And You Will Know Us By The Trail of Dead - LOST SONGS - la recensione

Recensione del 22 ott 2012 a cura di Andrea Valentini

Voto 8/10
Giù il cappello, sguardo basso e rubinetto dell’umiltà ben aperto, a farne sgorgare un bel fiotto costante. Questa è la postura consigliata di fronte a un disco così, che ci riconsegna una grande band in forma e con un tiro da levare il fiato. Non che gli
…And You Will Know Us By The Trail Of Dead (per gli amici Trail Of Dead) si fossero persi nel corso degli album precedenti, mostrando piuttosto sfaccettature e volontà di sperimentazione che in generale avevano ammorbidito il loro impatto. Con “Lost songs”, invece, tornano a picchiare duro come nell’epocale “Worlds apart” del 2005, un disco che miscelava una vena indie/college rock statunitense a un piglio post hardcore di derivazione washingtoniana, tipica di molte band Dischord fiorite a cavallo tra gli Ottanta e i Novanta (e citerò i Fugazi solo per comodità, visto che in realtà il primo nome che mi sovviene è quello molto più esoterico dei Three, autori di un capolavoro misconosciuto intitolato “Dark days coming”).



Per l'ottavo lavoro in studio la band texana sceglie di incidere nel Vecchio Mondo, ossia agli Horus Sound Studios di Hannover, e dichiara che l’ispirazione che guida l’intero disco è intellettuale e variegata: Cure, KARP, Ros Sereysothea, Human League e Hildegard von Bingen; mentre attitudinalmente “Lost songs” sarebbe l’espressione del rifiuto del sentimento di “apatia verso gli eventi del mondo che piaga la scena della musica indipendente ormai da più di un decennio”, con una dedica speciale al movimento delle Pussy Riot russe.

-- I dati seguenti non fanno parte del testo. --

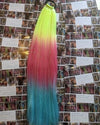 LEMON, PINK BLUE TINSEL PONYTAIL - THREE TONE OMBRE 24 GLOW IN THE DARK CATFACE HAIR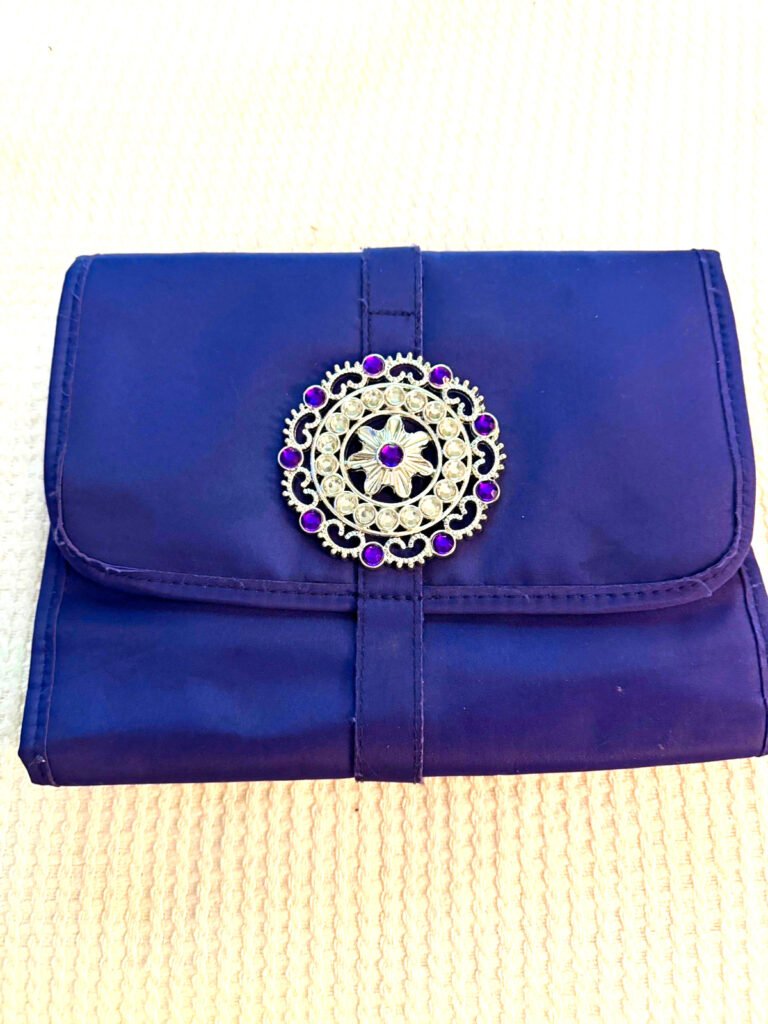 Purple Jewelry Bag Organizer with Clear Zip Pockets / Gift for a jewelry collect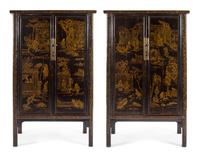 A Pair of Chinese Export Lacquered Cabinets Height 78 3/4 x width 46 1/4 x depth 20 1/2 inches. — 20TH CENTURY
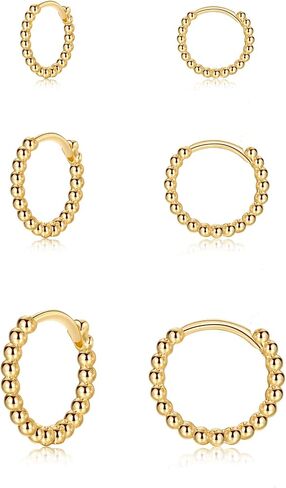 Silver Hoop Earrings- Cartilage Endless Small Hoop Earrings Set for Women Men Girls, 3 Pairs of Hypoallergenic 925 Sterling Silver Post Tragus Earrings (8/10/12mm) in Kuwait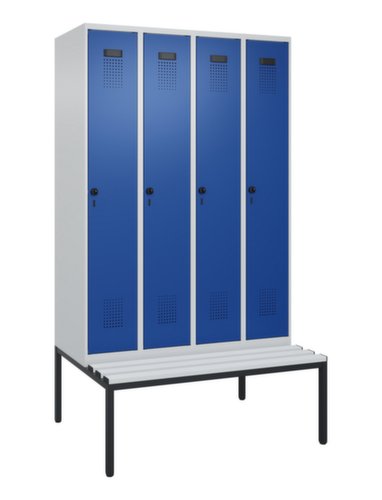 C+P armoire vestiaire en noir et blanc Evolo PLUS avec banc, largeur de compartiment 300 mm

Una dichiarazione d’intenti piuttosto pesante che, con un colpo di scena da manuale di drammaturgia, sfocia in un disco godibilissimo che mescola melodie non scontate, ma contagiose, a vere e proprie mazzate di energia. E se il desiderio della band era quello di scuotere coscienze e far circolare il sangue più veloce in vene e arterie, be’, sembra che l’obiettivo sia stato centrato piuttosto bene. Altro che Human League, la benedettina von Bingen e la cantante pop cambogiana Ros Sereysothea…
Certo, i Trail Of Dead non hanno riservato sorprese, né estraggono conigli bianchi dal cilindro (o dal bandanna, se vogliamo essere pignoli), ma qui fanno al top ciò che meglio sanno fare: hardcore evoluto e progressive, a forte densità di chitarre e con ritmiche nervose, frenetiche, a tratti asfissianti.

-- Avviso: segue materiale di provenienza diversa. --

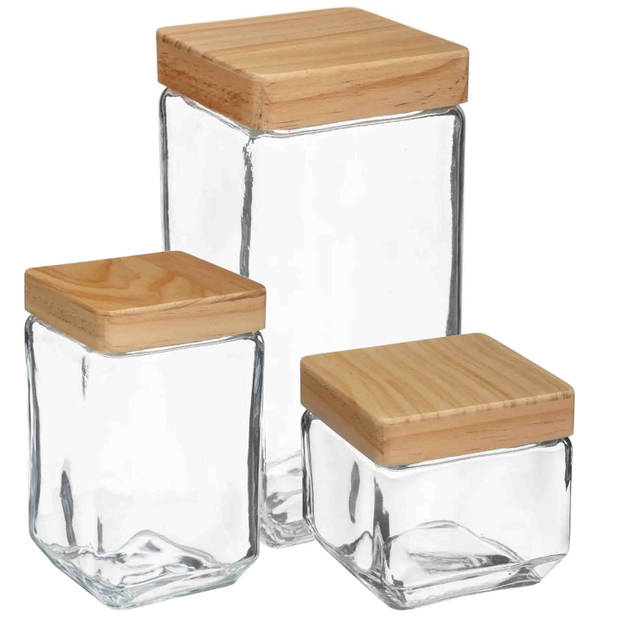 Keuken voorraadpotten glas met houten deksel - 3 formaten - 8x stuks - Voorraadpot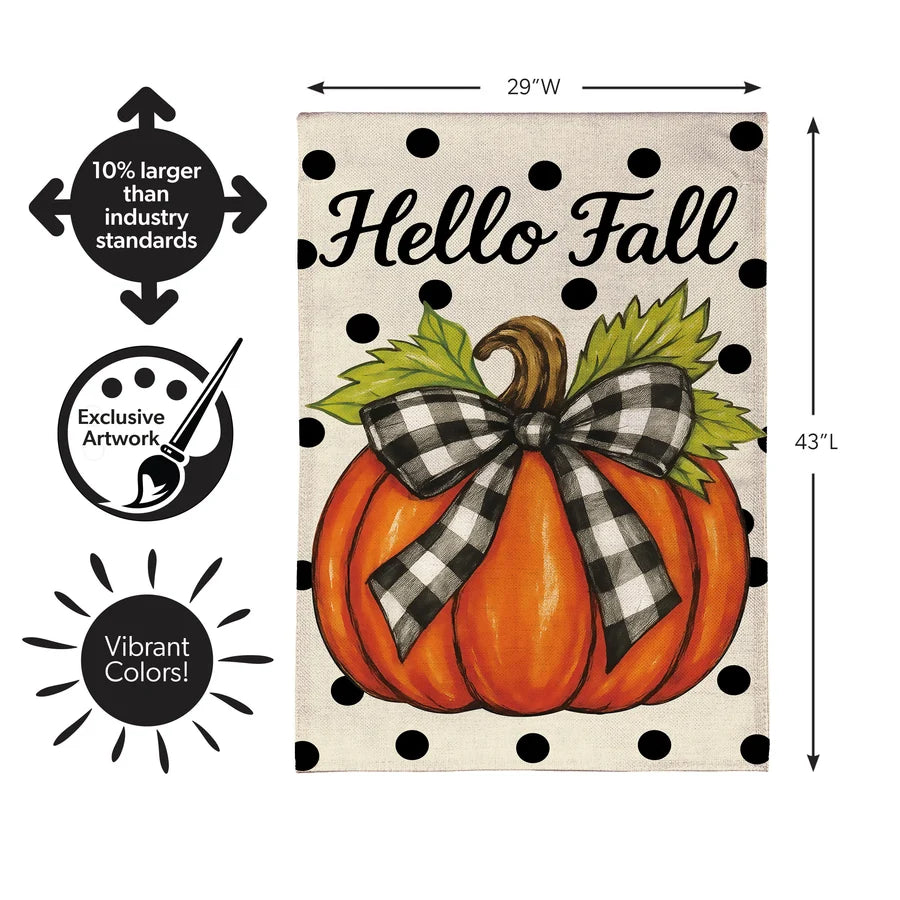 Checkered Bow Pumpkin Burlap Garden Flag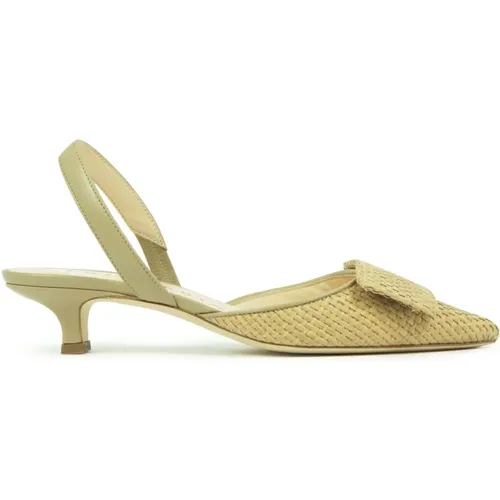 Rafia Slingback mit Plakette , Damen, Größe: 41 EU - Prosperine - Modalova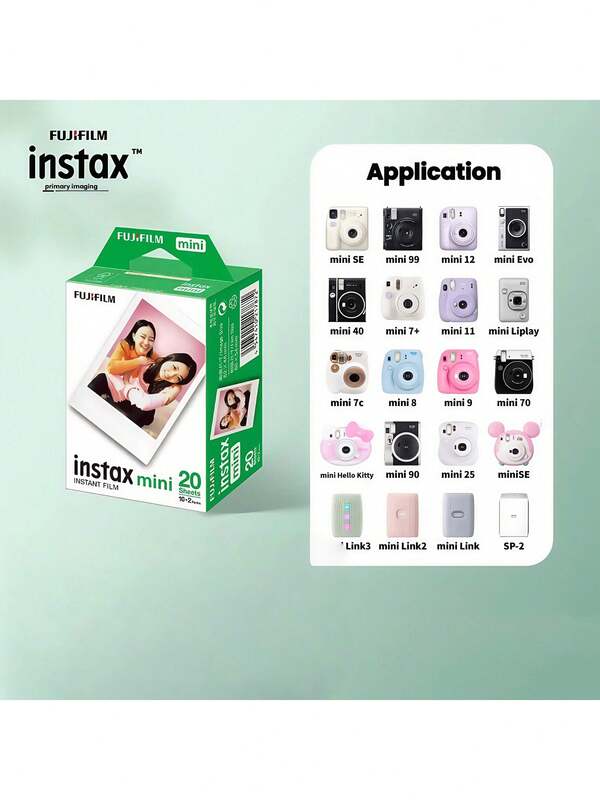FujiFilm Mini Photo Paper With White Edges (20 Sheets) For Instant Shooting, Compatible With Mini7+/11/40/90/Evo/12/41 And Other Polaroid Cameras.
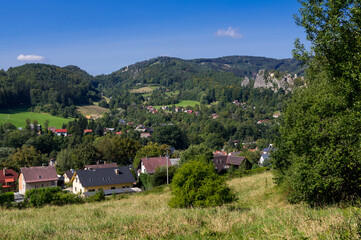 Fototapeta na wymiar Panoramic view of landscape and sandstone rock formations in Cesky Raj (Czech Paradise), Europe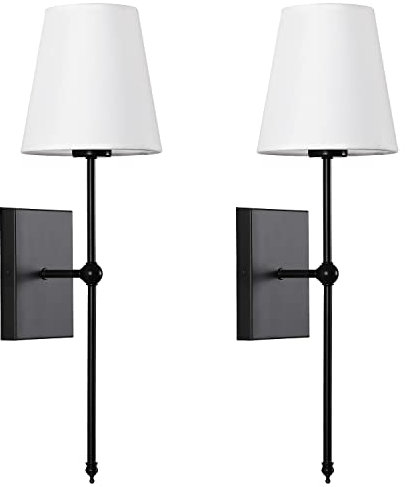 GLADFRESIT Modern Wall Light Set of 2 White Fabric Shade Wall Sconce Hardwired Indoor Wall Bedside Lamp Bathroom Vanity Light Fixture
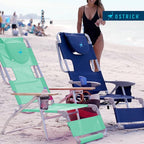 Ostrich Deluxe Padded 3-N-1 Lightweight Portable Adjustable Outdoor Folding Chair for Lawn Beach Lake Camping Lounge with Footrest, Teal (4 Pack)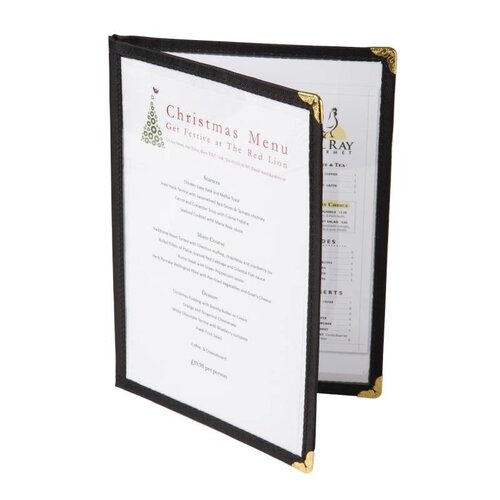 CHRselect Porte-Menu A5 Noir - 4 Pages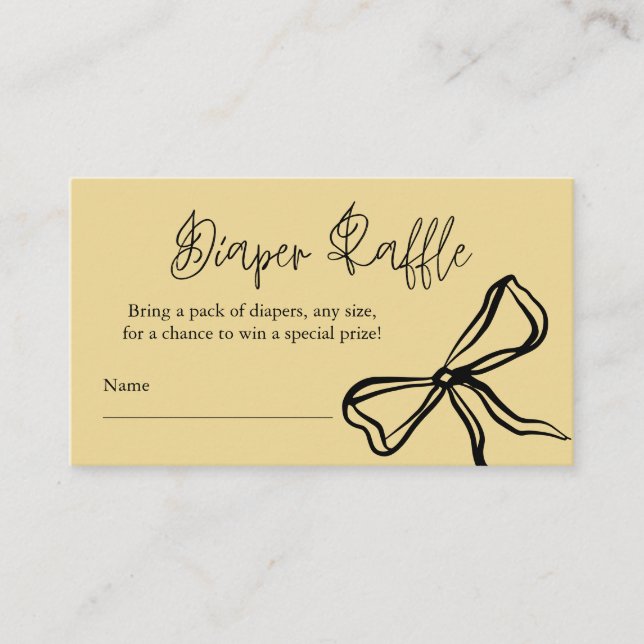 Tarjeta De Recepción Raffé de pañal de barro negro amarillo blanco (Anverso)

Niente brani maestosi e orchestrati, zero raffinata tortuosità nel songwriting: i Trail Of Dead del 2012 sono forse i più punk e politicizzati che abbiamo mai ascoltato, cowboy metropolitani con gli anfibi ai piedi, che cavalcano chitarre e fanno falò con le batterie. Senza dimenticare un filo di poesia contemporanea.